一、前期的准备
1、安装环境的准备
ip地址的配置等参考地点
2、查看centos的位数
[root@CDHnode1 ~]# file /bin/ls
/bin/ls: ELF 64-bit LSB executable, x86-64, version 1 (SYSV), dynamically linked (uses shared libs), for GNU/Linux 2.6.32, BuildID[sha1]=3d705971a4c4544545cb78fd890d27bf792af6d4, stripped
3、解压hadoop并设置软链
[root@CDHnode1 hadoop-2.6.0-cdh5.4.5]# ln -sf /home/hadoopcdh/soft/hadoop-2.6.0-cdh5.4.5 /opt/hadoop
4、hosts的映射文件
[root@CDHnode1 ~]# vi /etc/hosts
192.168.146.189 CDHnode1
5、准备Hadoop专用用户和组
[root@CDHnode1 ~]# groupadd hadoop
[root@CDHnode1 ~]# useradd -g hadoop hadoop
[root@CDHnode1 ~]# passwd hadoop
Changing password for user hadoop.
New password:
BAD PASSWORD: The password is shorter than 8 characters
Retype new password:
passwd: all authentication tokens updated successfully.
二、ssh的安装
1、切换到hadoop下
[root@CDHnode1 ~]# su hadoop
[hadoop@CDHnode1 root]$ cd
[hadoop@CDHnode1 ~]$ pwd
/home/hadoop
2、开始创建并生成目录
创建.ssh目录,生成密钥
[hadoop@CDHnode1 ~]$ mkdir .ssh
[hadoop@CDHnode1 ~]$ ssh-keygen -t rsa
Generating public/private rsa key pair.
Enter file in which to save the key (/home/hadoop/.ssh/id_rsa):
Enter passphrase (empty for no passphrase):
Enter same passphrase again:
Your identification has been saved in /home/hadoop/.ssh/id_rsa.

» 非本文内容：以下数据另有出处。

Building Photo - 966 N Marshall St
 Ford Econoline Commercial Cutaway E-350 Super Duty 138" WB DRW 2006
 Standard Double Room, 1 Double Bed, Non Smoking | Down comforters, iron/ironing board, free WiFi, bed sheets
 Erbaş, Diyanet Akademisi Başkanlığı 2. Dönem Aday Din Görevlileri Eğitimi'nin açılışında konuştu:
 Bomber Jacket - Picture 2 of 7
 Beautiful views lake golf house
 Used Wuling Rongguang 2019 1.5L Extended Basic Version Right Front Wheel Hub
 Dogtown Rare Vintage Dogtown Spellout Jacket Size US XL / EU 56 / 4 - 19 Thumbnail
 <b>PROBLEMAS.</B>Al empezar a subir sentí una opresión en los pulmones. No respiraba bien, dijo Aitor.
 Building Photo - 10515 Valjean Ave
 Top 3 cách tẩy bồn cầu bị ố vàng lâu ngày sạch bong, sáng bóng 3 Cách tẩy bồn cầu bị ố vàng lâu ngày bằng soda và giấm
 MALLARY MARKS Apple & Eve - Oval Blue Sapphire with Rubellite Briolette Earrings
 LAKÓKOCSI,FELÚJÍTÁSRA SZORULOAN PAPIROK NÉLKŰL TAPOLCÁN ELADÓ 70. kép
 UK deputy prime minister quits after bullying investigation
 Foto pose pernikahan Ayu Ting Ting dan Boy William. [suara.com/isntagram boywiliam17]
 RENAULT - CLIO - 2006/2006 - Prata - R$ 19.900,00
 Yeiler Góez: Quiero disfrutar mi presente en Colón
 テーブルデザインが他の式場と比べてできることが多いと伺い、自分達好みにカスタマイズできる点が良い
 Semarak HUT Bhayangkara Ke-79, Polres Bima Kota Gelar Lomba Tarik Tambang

Your public key has been saved in /home/hadoop/.ssh/id_rsa.pub.
The key fingerprint is:
f0:fe:1c:b4:f8:66:ec:14:69:b2:4a:bf:6c:f0:fa:11 hadoop@CDHnode1
The key's randomart image is:
+--[ RSA 2048]----+
| |
| |
| . |
| o . |
| E = |
| .. B o |
| .o=.+ |
| . +o*+. |
| o+=== |
+-----------------+
切换到.ssh目录下,进行查看公钥和私钥
[hadoop@CDHnode1 ~]$ cd .ssh
[hadoop@CDHnode1 .ssh]$ ls
id_rsa id_rsa.pub
将公钥复制到日志文件里
[hadoop@CDHnode1 .ssh]$ cp id_rsa.pub authorized_keys
[hadoop@CDHnode1 .ssh]$ ls
authorized_keys id_rsa id_rsa.pub
退回到/home/hadoop/,来赋予权限
[hadoop@CDHnode1 .ssh]$ cd ..
[hadoop@CDHnode1 ~]$ pwd
/home/hadoop
[hadoop@CDHnode1 ~]$ chmod 700 .ssh
[hadoop@CDHnode1 ~]$ chmod 600 .ssh/*
3、切换到root用户下,安装ssh插件(openssh)
[hadoop@CDHnode1 ~]$ su root
Password:
[root@CDHnode1 hadoop]# yum -y install openssh-clients
切换到/home/hadoop/,测试ssh无密码访问
[root@CDHnode1 hadoop]# su hadoop
[hadoop@CDHnode1 ~]$ ssh cdhhadoop
The authenticity of host 'cdhhadoop (192.168.146.189)' can't be established.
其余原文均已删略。